Water and energy are inexorably linked, with enormous volumes of water required to generate energy in many cases and large energy inputs required to purify water. In the U.S., thermoelectric power plants account for 41 per cent of total water withdrawals, with nearly all the water requiring some form of purification before use. Horizontal drilling and hydraulic fracturing unleashed a sea of valuable hydrocarbons in the US. However, oil and gas production comes at a substantial price in terms of the amount of water required and the amount of flowback or produced water generated. In many cases, for every barrel of oil produced, five or more barrels of water are also produced. This water is contaminated and requires substantial cleanup for any form of beneficial use.
Science and technology can and will alleviate water shortages, weaken the linkage between energy and water, and arrest the environmental damage currently occurring due to agricultural runoff (e.g., uncontrolled algal blooms), conventional and unconventional oil and gas production, and energy generation based on fossil fuels. A “moonshot for water” has been proposed in the U.S. to bring science and technology to bear on reducing the cost of seawater desalination to be comparable to that of conventional drinking water costs. Disruptive, membrane-based technologies will lead the way in bringing about this revolution.
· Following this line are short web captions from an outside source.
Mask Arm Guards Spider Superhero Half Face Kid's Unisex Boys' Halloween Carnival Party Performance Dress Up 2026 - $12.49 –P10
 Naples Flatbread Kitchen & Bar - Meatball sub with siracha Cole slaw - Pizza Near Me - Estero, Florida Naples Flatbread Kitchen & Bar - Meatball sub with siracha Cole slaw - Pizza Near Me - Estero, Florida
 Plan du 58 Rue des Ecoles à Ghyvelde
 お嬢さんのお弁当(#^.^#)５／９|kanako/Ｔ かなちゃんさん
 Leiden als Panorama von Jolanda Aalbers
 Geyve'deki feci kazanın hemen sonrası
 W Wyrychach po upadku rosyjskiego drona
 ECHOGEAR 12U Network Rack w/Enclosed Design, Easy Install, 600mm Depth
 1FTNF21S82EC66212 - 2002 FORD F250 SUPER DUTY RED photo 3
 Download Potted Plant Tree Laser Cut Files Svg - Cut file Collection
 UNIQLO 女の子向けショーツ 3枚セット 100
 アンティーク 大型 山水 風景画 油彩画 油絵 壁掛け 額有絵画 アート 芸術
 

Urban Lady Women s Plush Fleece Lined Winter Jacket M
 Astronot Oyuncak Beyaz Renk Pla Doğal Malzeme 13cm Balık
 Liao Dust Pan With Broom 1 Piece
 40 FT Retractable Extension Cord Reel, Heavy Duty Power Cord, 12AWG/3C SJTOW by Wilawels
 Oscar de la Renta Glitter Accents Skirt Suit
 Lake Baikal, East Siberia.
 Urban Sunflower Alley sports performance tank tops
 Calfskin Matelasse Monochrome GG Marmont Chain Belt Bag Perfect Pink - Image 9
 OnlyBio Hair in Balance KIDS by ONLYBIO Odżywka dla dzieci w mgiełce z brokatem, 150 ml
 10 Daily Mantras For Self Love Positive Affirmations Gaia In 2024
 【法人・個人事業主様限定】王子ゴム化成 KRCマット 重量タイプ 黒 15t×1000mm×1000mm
This presentation will frame the water/energy nexus challenges and opportunities and provide a glimpse of potential paths forward to supply the world with low energy, abundant access to clean water.
Professor Benny Freeman is the Richard B. Curran Centennial Chair in Engineering at The University of Texas at Austin. He is a professor of Chemical Engineering and has been a faculty member for 28 years. He completed graduate training in Chemical Engineering at the University of California, Berkeley, earning a PhD in 1988. In 1988 and 1989, he was a postdoctoral fellow at the Ecole Supérieure de Physique et de Chimie Industrielles de la Ville de Paris (ESPCI), Laboratoire Physico-Chimie Structurale et Macromoléculaire in Paris, France. Dr. Freeman was a member of the chemical engineering faculty at NC State University from 1989 – 2002, and he has been a professor of chemical engineering at The University of Texas at Austin since 2002. Dr. Freeman’s research is in polymer science and engineering and, more specifically, in mass transport of small molecules in solid polymers. His research group focuses on structure/property correlation development for desalination and gas separation membrane materials, new materials for hydrogen separation, natural gas purification, carbon capture, and new materials for improving fouling resistance and permeation performance in liquid separation membranes.
He has won a number of awards, including a Fulbright Distinguished Chair (2017), a Distinguished Service Award from the American Chemical Society (ACS) (2015), the Joe J King Professional Engineering Achievement Award from The University of Texas (2013), the American Institute of Chemical Engineers (AIChE) Clarence (Larry) G Gerhold Award (2013), the Society of Plastics Engineers International Award (2013) and the Roy W Tess Award in Coatings from ACS (2012).